電池の需要が急増する中、EUでは電池のライフサイクル全体での環境負荷の低減や資源循環促進、健康影響の防止を目的として、2024年2月から電池規則の段階的な施行が開始されました。この第11条で、ポータブル電池やLMT電池(軽量輸送手段用電池)の取り外しや交換に関する規定があり、2027年2月から施行されます。
その第1項では「ポータブル電池を組み込んだ製品を市場に出す事業者は、その電池が製品の寿命中にエンドユーザーによって容易に取り外し・交換可能であることを確保しなければならない」とされています。このため、市販されている一般工具や、製品購入時に無償で提供される工具などを使用して、簡単に取り外しや交換ができる構造にする必要があります。また、事業者は、ユーザーが電池の使用や取り外し・交換に関する取扱説明や安全情報をウェブサイトなどで入手できるように提供する義務があります。

一方で、第2項では、以下のような製品については、専門性を持つ第三者が電池を取り外し・交換ができる場合に限り、第1項の規定が適用除外となると定められています。
a) 日常的に水の飛沫や水流、水没にさらされる環境で使用されるよう設計され、洗浄やすすぎが可能な機器(但し、ユーザーおよび機器の安全を確保するために適用除外が必要な場合に限る)
b) 医療機器規則(Regulation (EU) 2017/745)2) の第2条 第1項で定義される医療用画像診断装置や放射線治療装置、または体外診断用医療機器規則(Regulation (EU) 2017/746)3) の第2条 第2項で定義される体外診断医療機器、さらに、第3項では「継続的な電力供給が必要で、ユーザーと機器の安全を確保するため、またはデータを収集・供給する製品でデータの整合性を保つために、製品とポータブル電池を恒久的に接続する必要がある場合、第1項の規定は適用されない」とされています。

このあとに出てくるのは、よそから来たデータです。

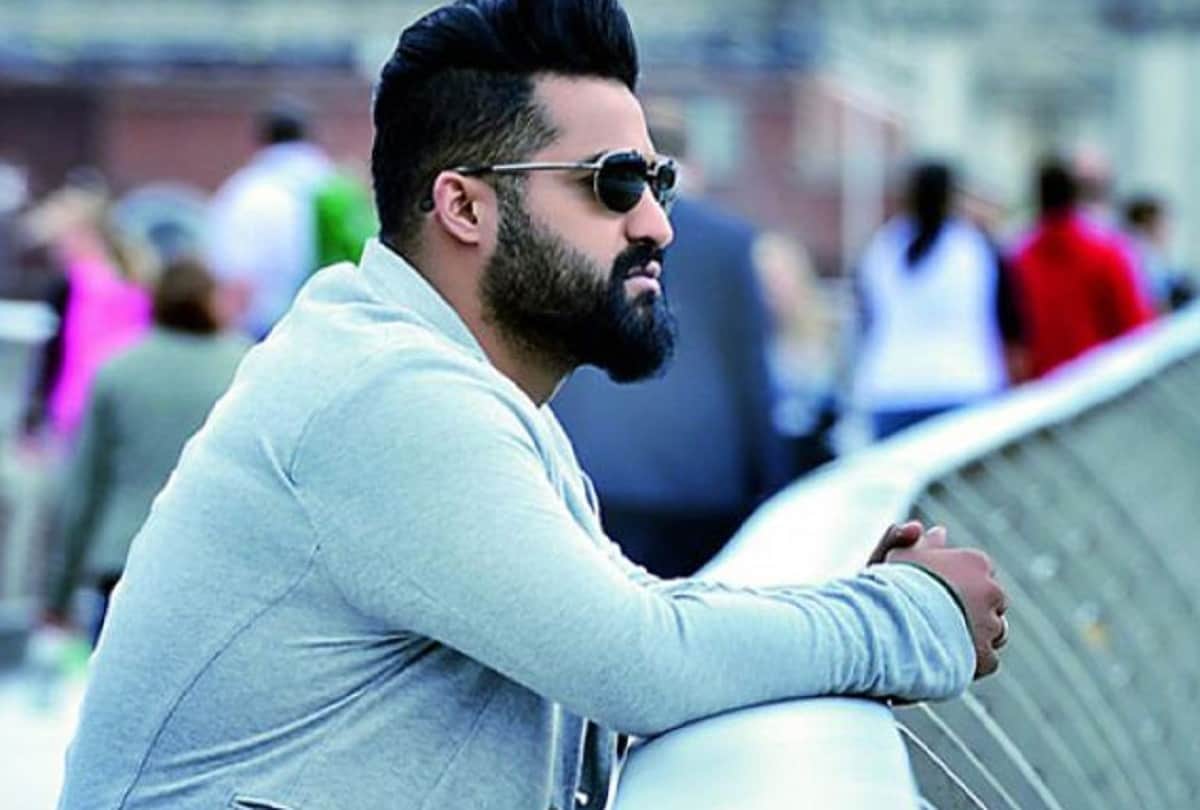 famous South Actor jr NTR purchased India's first Lamborghini urus graphite capsule worth rupees 3.16 crore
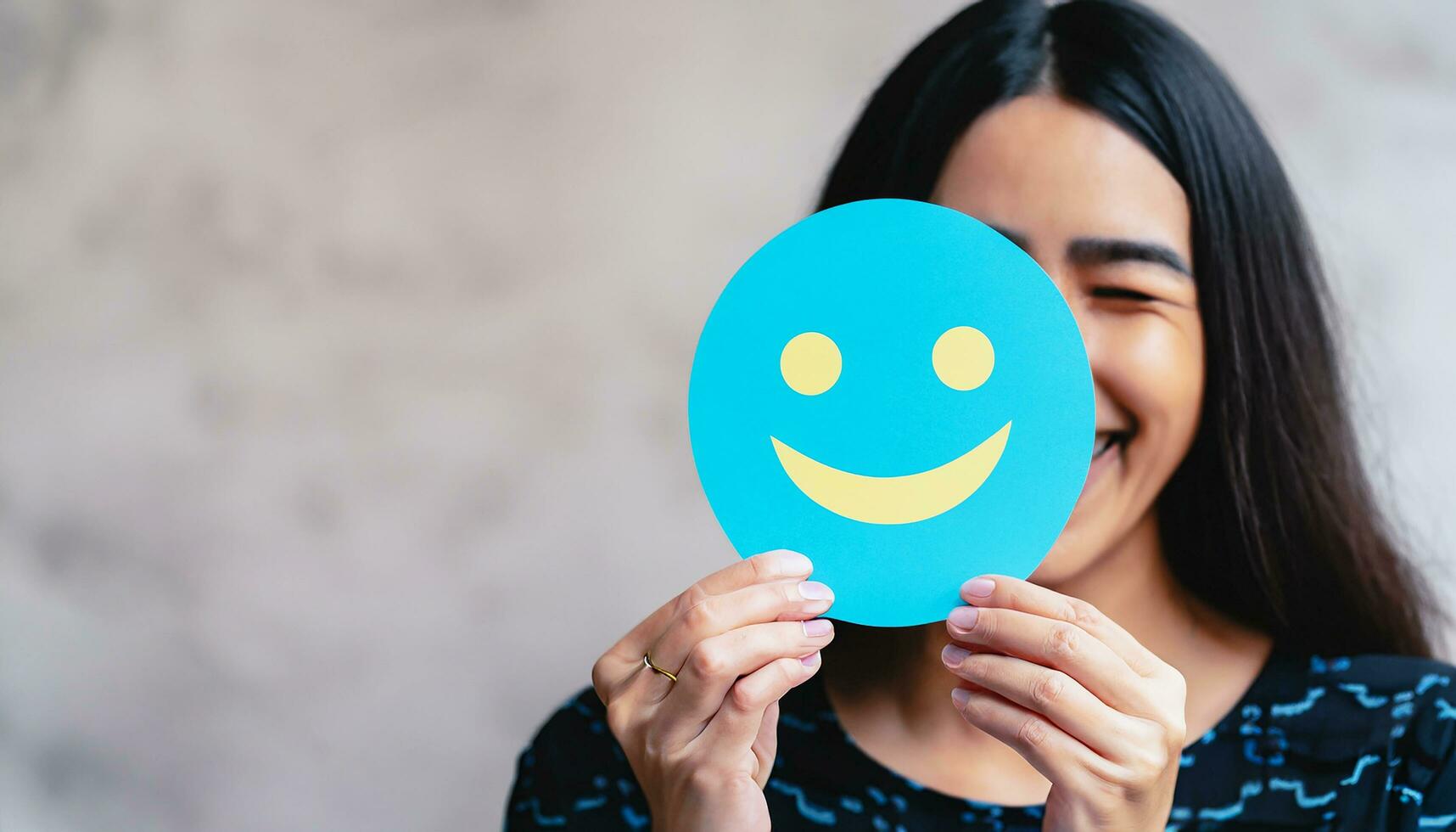 Woman holding blue paper cut happy smile face, positive, customer review, Compliment Day, mental health assessment,Compliment Day, world mental health day concept, satisfaction concept, AI Generative photo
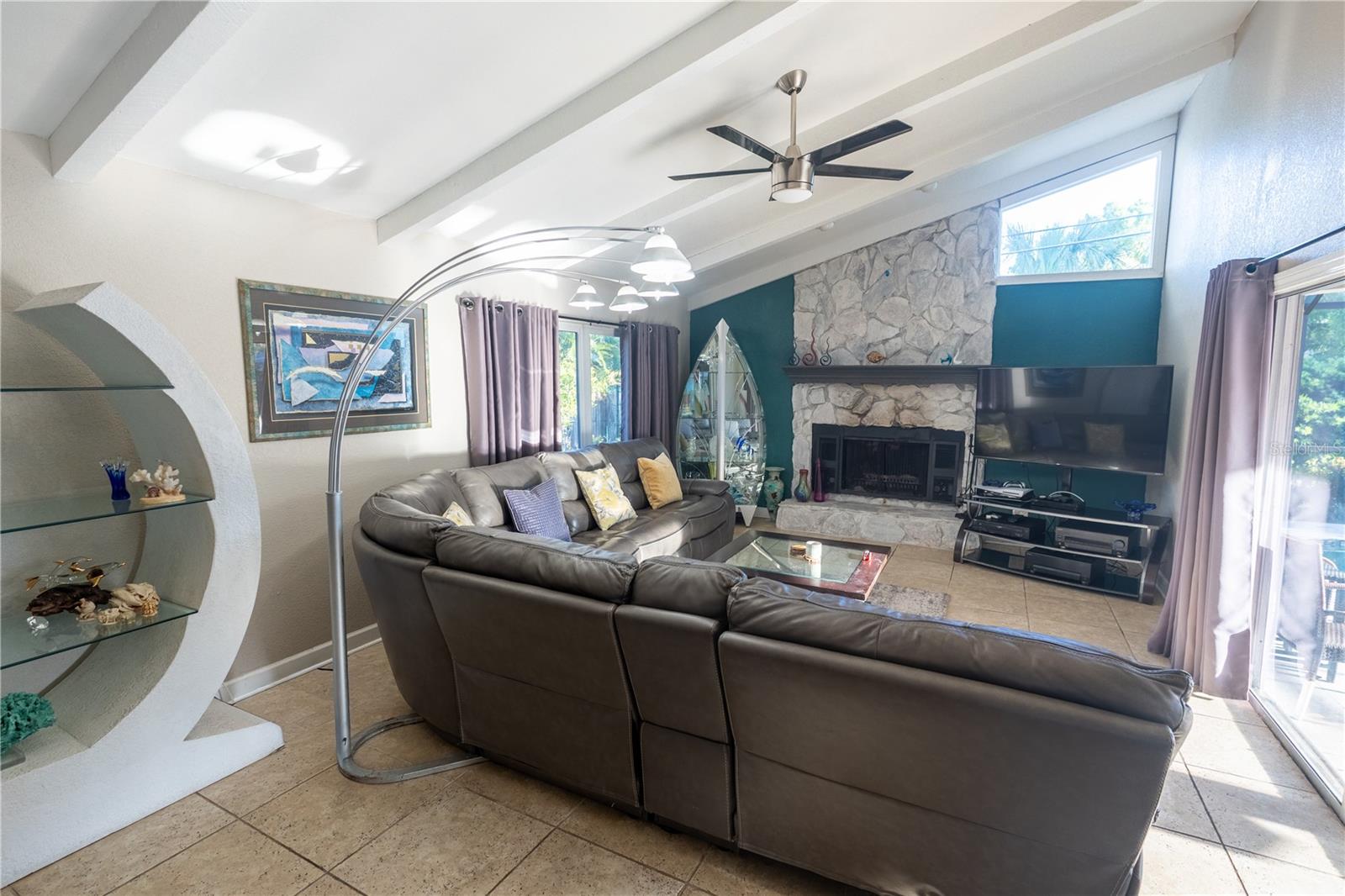 33 SOUTHWIND DR, BELLEAIR BLUFFS, FL, 33770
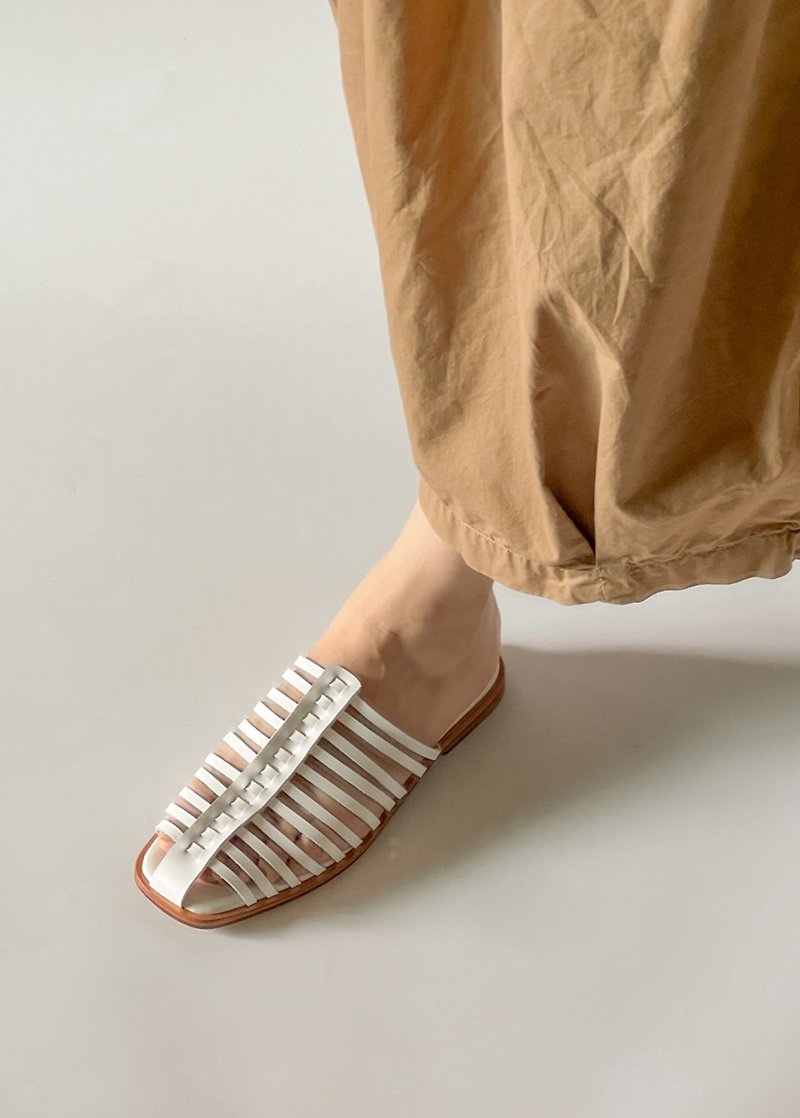 Lazy Summer Woven Pinstripe Square Toe Slippers Handmade White - รองเท้าหนังผู้หญิง - หนังแท้ ขาว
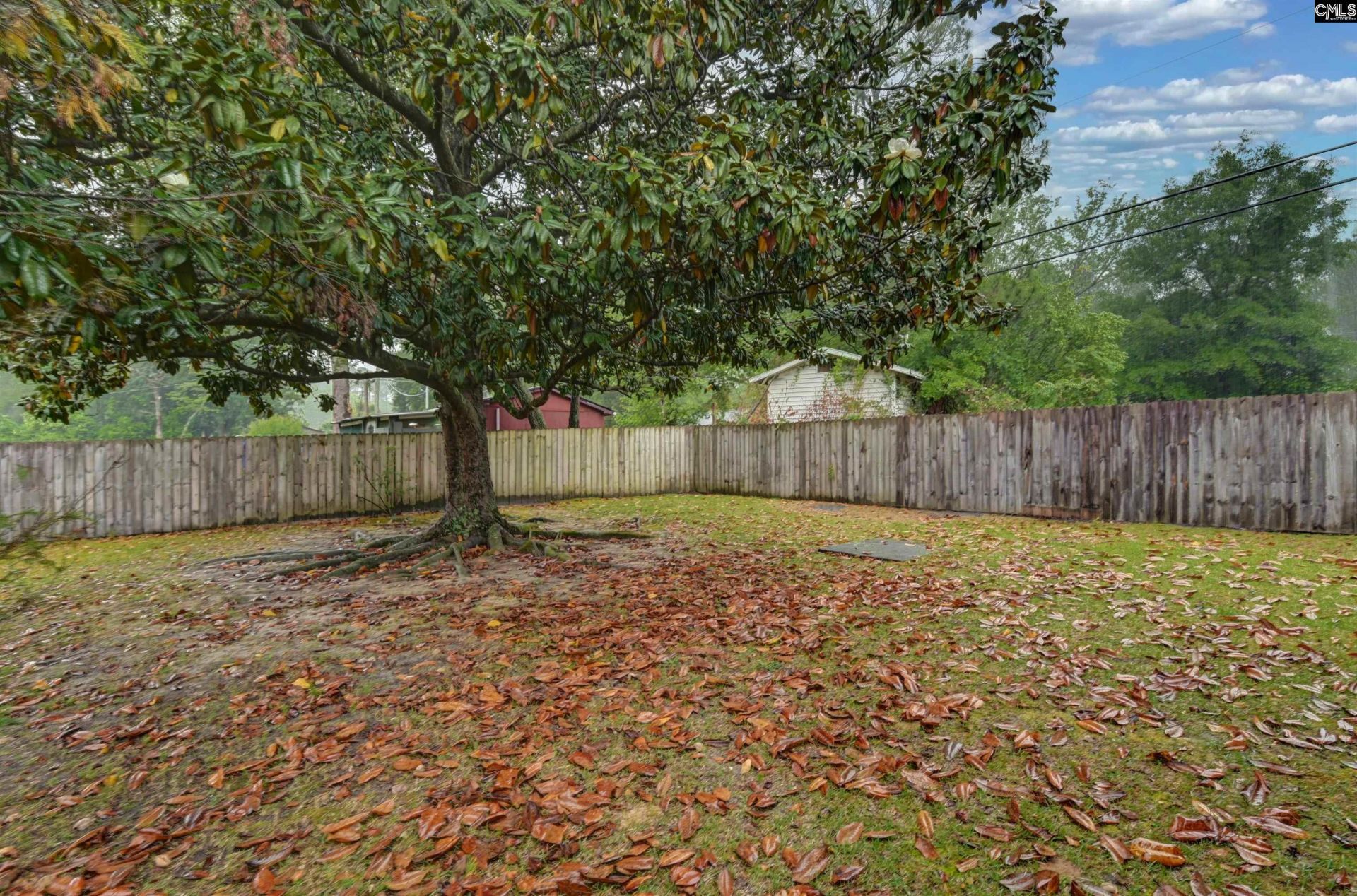 2027 Leesburg Road  Photo 9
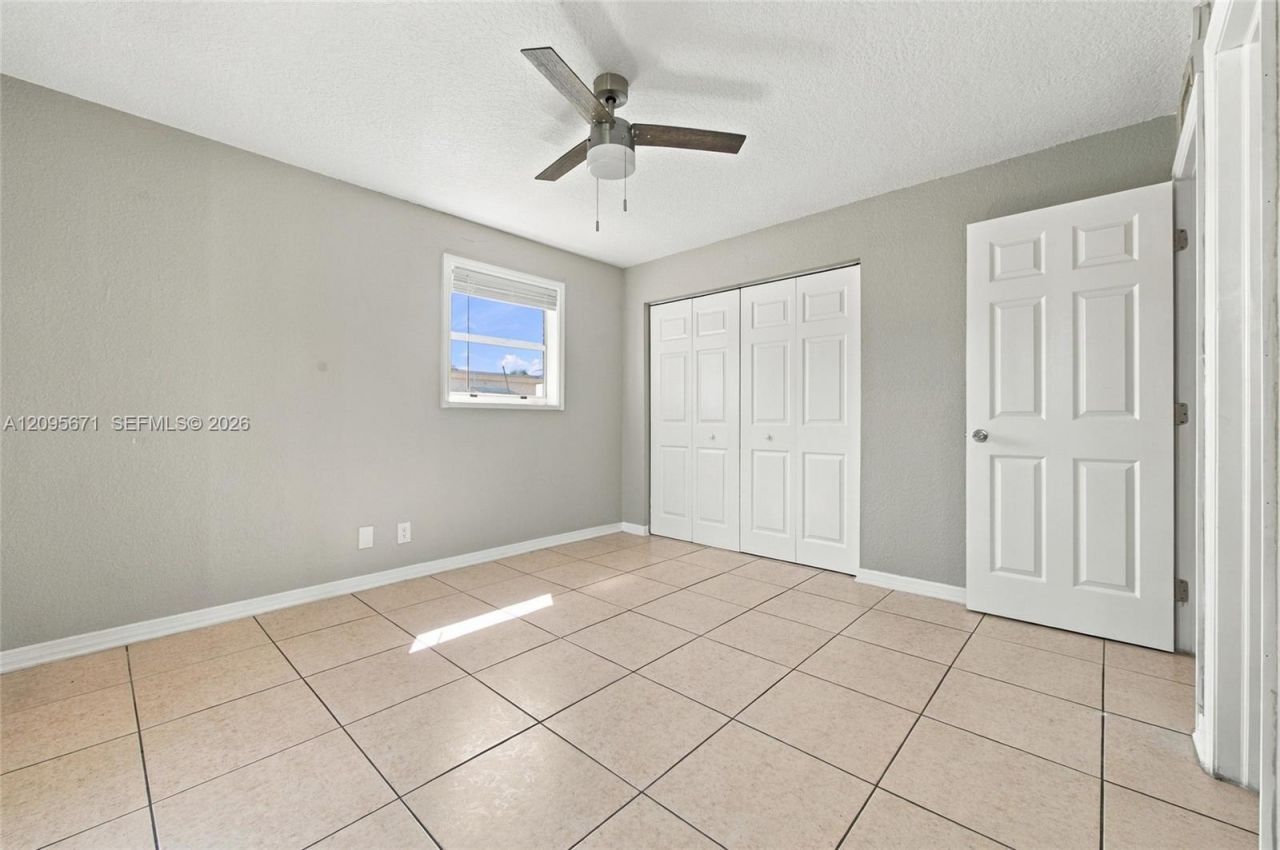 1944 Baythorne Rd , West Palm Beach, FL 33415 Photo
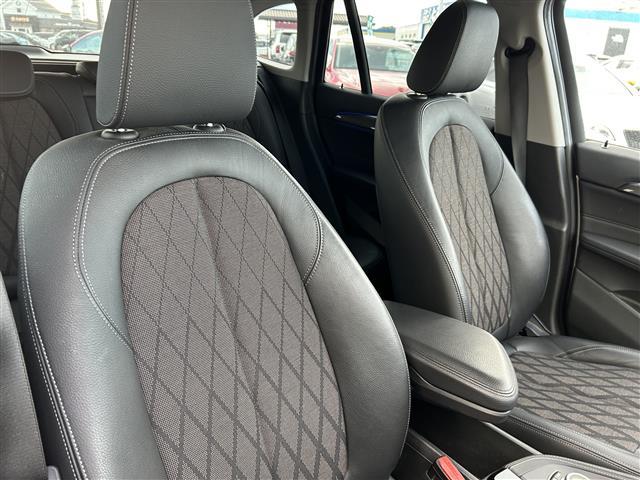 X1 xDrive 18d xライン 純正ナビ/Pスタート/スマートキー/ステアリングスイッチ/レーダークルコン/ドライブモードセレクト/クリアランスソナー/社外フロアマット/純正19インチAW/LEDヘッドライト/ハーフレザー/ETC(25枚目)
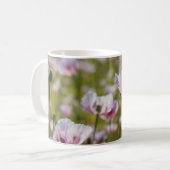 Zomers veld met lila bloemen in bloei. コーヒーマグカップ (正面左)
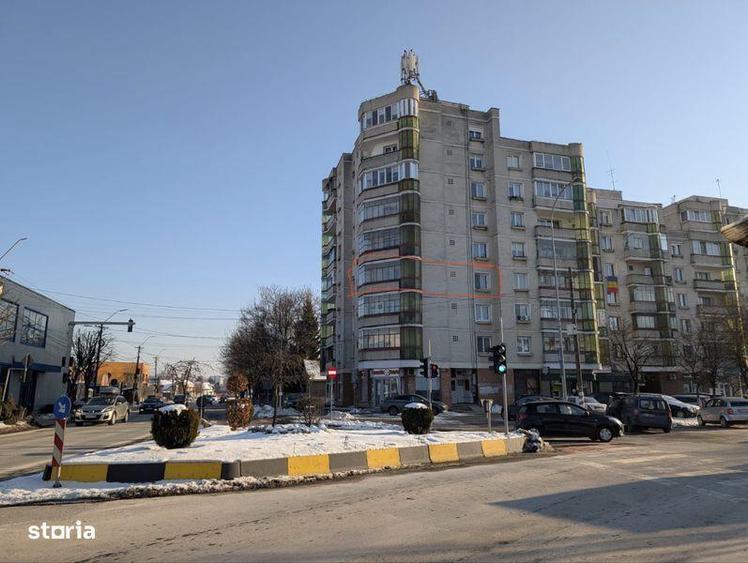 Apartament cu 3 camere semidecomandat în Unirii
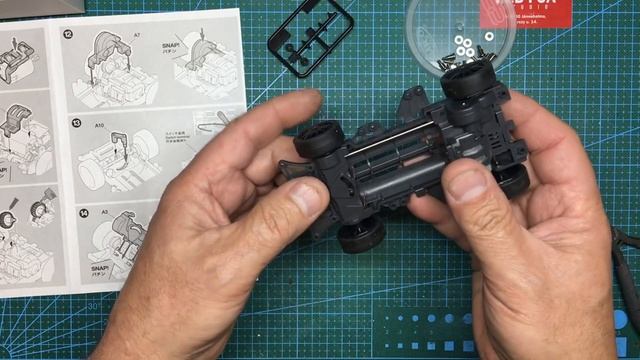 Tamiya 1/32 GR Yaris Mini 4WD build смотреть онлайн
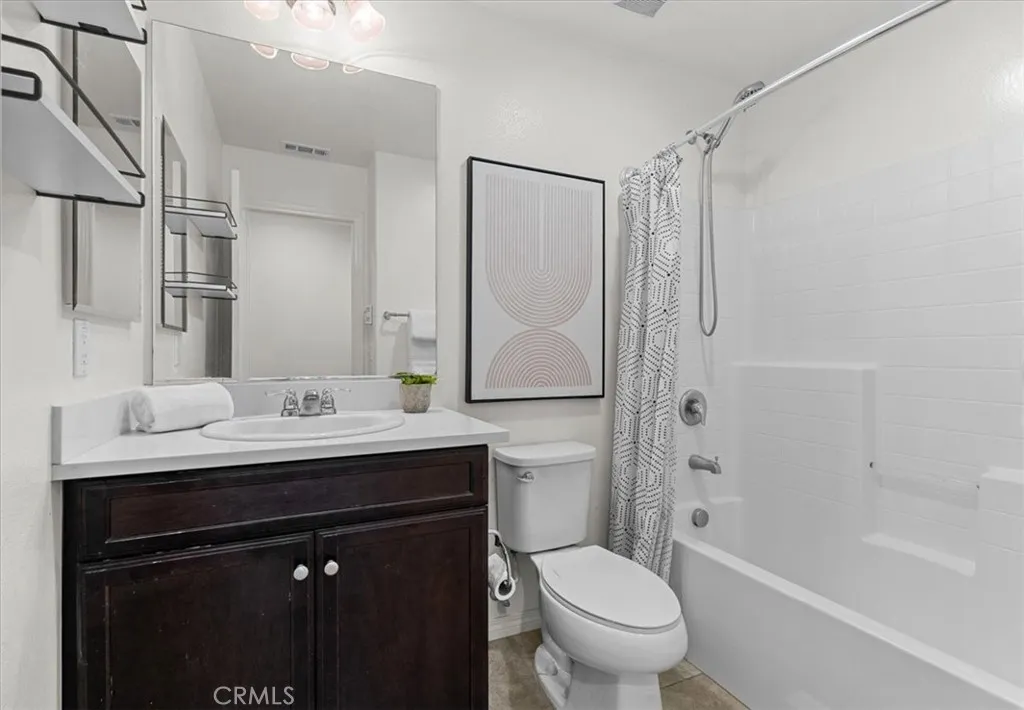 14375 Penn Foster, Chino, California 91710 home-pic-24
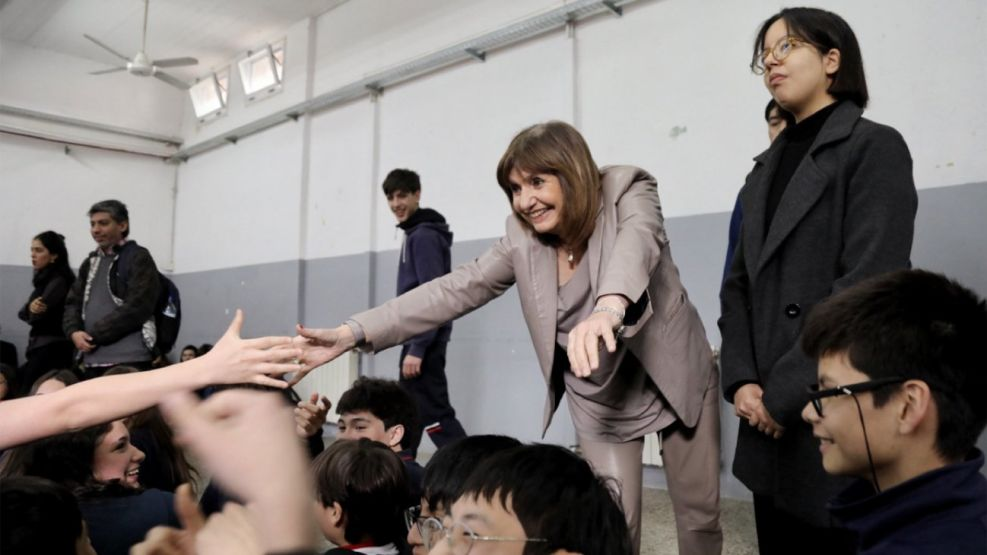 Patricia fue a una escuela y cometió una provocación: se comportó normalmente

また、第89条の委任法令の採択権限により、EUは第11条第2項の除外製品を追加することがあると同条第4項で定められています。但しこれは、エンドユーザーがポータブル電池を取り外し・交換することで、安全上の懸念があるという科学的な根拠が示される場合、またはEU法の製品安全要件に違反する場合、に限り採択されるとされています。
以上のように、第2項と第3項での例外規定を除き、ポータブル電池を組み込んだ製品は、エンドユーザーが電池を容易に取り外しや交換できることが求められます。

【参考資料】
1) 電池規則(Regulation (EU) 2023/1542)
https://eur-lex.europa.eu/legal-content/EN/TXT/PDF/?uri=CELEX:32023R1542
2) 医療機器規則(Regulation (EU) 2017/745)
https://eur-lex.europa.eu/legal-content/EN/TXT/PDF/?uri=CELEX:32017R0745
3) 体外診断用医療機器規則(Regulation (EU) 2017/746)
https://eur-lex.europa.eu/legal-content/EN/TXT/PDF/?uri=CELEX:32017R0746

免責事項:当解説は筆者の知見、認識に基づいてのものであり、特定の会社、公式機関の見解等を代弁するものではありません。法規制解釈のための参考情報です。法規制の内容は各国の公式文書で確認し、弁護士等の法律専門家の判断によるなど、最終的な判断は読者の責任で行ってください。